▶ [Crawled caption data]
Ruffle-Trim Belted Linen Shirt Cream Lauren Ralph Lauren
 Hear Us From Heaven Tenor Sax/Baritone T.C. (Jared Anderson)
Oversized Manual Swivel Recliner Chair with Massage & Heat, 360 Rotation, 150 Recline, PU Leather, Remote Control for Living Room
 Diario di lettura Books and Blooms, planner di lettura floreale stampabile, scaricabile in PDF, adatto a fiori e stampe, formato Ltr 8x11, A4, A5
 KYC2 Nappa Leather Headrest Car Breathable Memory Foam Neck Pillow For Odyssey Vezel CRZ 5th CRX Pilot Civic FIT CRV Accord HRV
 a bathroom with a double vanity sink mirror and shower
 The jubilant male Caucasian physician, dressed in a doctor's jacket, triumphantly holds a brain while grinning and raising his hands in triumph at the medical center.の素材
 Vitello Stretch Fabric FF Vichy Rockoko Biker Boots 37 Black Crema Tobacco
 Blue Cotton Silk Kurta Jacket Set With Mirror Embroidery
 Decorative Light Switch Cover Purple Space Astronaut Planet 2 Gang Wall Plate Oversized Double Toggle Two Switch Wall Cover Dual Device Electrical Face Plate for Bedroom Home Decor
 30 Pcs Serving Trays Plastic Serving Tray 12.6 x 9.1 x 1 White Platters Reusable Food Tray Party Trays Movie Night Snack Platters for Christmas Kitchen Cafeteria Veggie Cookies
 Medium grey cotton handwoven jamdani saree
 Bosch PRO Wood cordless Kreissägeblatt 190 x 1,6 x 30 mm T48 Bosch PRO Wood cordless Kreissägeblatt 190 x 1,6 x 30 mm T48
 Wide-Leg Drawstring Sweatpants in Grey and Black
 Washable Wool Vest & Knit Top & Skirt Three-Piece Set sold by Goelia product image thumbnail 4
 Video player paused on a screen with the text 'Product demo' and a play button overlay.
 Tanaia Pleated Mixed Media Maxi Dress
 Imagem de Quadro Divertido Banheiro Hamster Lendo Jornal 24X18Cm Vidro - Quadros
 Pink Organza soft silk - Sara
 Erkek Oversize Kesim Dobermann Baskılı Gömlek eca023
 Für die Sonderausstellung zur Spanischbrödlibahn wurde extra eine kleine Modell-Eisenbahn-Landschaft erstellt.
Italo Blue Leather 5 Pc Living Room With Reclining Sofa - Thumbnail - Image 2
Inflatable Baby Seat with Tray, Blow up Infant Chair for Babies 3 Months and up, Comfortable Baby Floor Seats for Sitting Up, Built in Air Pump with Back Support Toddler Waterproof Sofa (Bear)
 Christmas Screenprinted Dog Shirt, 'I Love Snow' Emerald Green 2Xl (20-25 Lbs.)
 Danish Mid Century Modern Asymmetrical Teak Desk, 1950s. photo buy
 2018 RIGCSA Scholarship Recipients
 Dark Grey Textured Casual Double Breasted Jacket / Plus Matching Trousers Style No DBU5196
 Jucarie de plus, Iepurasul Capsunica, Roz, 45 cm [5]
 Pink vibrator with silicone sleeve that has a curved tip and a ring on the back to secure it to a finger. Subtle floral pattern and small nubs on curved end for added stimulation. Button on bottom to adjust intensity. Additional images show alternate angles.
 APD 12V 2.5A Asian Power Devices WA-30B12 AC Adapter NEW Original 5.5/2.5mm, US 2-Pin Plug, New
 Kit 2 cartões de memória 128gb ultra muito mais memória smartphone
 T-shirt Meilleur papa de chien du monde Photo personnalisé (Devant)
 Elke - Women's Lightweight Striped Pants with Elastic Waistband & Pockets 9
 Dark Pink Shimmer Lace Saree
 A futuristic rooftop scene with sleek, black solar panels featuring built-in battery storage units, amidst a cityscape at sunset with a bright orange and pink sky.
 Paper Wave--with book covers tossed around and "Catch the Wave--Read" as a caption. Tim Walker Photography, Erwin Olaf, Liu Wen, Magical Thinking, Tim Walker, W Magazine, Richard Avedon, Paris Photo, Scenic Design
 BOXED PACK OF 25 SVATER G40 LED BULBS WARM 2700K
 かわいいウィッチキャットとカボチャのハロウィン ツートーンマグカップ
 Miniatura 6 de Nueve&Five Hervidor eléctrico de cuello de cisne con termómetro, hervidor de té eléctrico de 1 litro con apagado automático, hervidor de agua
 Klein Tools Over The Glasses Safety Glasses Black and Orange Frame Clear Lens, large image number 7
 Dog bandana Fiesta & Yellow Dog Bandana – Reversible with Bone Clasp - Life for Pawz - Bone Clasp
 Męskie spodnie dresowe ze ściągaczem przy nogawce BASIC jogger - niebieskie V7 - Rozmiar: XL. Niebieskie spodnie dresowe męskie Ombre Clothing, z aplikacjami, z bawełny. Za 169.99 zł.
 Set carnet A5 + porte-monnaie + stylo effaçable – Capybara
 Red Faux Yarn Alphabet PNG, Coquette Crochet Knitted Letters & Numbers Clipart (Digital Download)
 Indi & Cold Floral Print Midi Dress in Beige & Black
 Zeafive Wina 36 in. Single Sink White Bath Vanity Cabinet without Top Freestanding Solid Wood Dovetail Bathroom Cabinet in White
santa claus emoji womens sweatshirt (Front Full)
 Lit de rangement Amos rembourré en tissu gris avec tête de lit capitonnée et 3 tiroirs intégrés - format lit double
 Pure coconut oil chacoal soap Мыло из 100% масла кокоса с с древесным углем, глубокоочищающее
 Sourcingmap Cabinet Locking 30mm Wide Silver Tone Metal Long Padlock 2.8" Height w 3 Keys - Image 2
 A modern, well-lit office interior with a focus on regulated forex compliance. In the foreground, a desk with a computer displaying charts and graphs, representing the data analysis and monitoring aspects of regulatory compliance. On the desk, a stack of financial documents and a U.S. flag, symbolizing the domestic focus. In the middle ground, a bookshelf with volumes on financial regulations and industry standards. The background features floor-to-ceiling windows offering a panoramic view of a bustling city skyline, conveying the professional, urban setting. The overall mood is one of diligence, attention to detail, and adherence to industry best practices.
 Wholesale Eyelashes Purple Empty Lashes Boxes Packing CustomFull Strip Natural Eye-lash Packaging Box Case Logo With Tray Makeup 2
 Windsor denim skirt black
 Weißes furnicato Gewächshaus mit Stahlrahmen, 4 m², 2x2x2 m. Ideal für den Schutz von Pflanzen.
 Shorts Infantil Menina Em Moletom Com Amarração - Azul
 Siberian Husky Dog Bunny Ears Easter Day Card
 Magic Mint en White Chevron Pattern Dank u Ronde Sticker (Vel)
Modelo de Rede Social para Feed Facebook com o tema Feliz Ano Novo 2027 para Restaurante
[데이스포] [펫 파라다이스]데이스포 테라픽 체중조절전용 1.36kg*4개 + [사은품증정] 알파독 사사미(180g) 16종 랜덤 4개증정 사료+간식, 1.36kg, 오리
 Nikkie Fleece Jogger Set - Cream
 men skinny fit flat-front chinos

▶ [Task details] Gather every line from the entries above where the word "Wide" appears, and copy them.

▶ [Written answer]
 Wide-Leg Drawstring Sweatpants in Grey and Black
 Sourcingmap Cabinet Locking 30mm Wide Silver Tone Metal Long Padlock 2.8" Height w 3 Keys - Image 2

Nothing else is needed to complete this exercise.